Yan Wang, Peng Pan, Zhaohao Wang, Yu Zhang, Peng Xie, Decheng Geng, Yang Jiang, Rutong Yu, Xiuping Zhou

Abstract

Hippo/YAP pathway is known to be important for development, growth and organogenesis, and dysregulation of this pathway leads to tumor progression.We and others find that YAP is up-regulated in human gliomas and associated with worse prognosis of patients. However, the role and mechanism of YAP in glioma progression is largely unknown.

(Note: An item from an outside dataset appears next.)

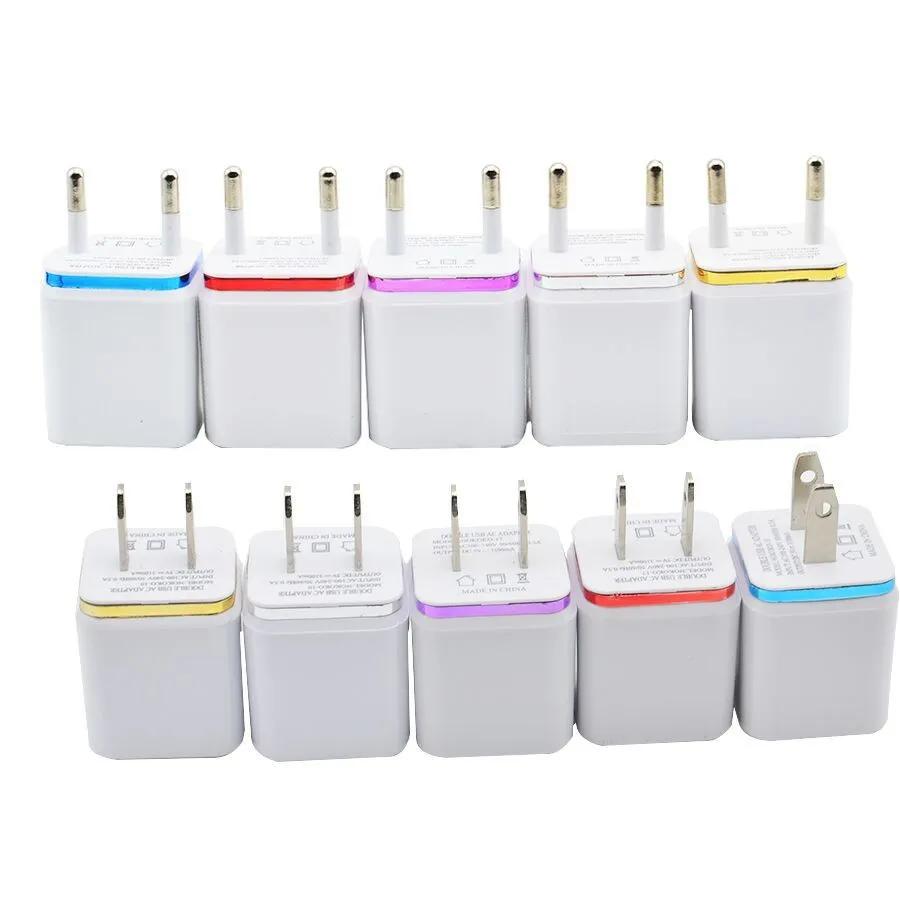  2A+1A Plug AC Power Adapter Home Trave Wall 2 port dual USB Charger for iPhone 4 5 6 plus for Samsung HTC mobile phone charger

The expression of YAP in glioma tissues was detected by quantitative polymerase chain reaction (qPCR) and immunoblotting. The effect of YAP on glioma progression was examined using cell growth assays and intracranial glioma model. The effect of YAP on β-catenin protein level, subcellular location and transcription activity was examined by immunoblotting, immunofluorescence and RT-PCR. Firstly, knockdown of YAP inhibited glioma cell proliferation in vitro and tumor growth in vivo. In addition, YAP modulated the protein level, subcellular location and transcription activity of β-catenin via regulating the activity of GSK3β. Lastly, β-catenin partially mediated the effect of YAP on glioma cell proliferation. Our findings identify that YAP promotes human glioma growth through enhancing Wnt/β-catenin signaling. In addition, this study provides a new crosstalk mechanism between Hippo/YAP and Wnt/β-catenin pathways, which suggests a new strategy for human glioma treatment.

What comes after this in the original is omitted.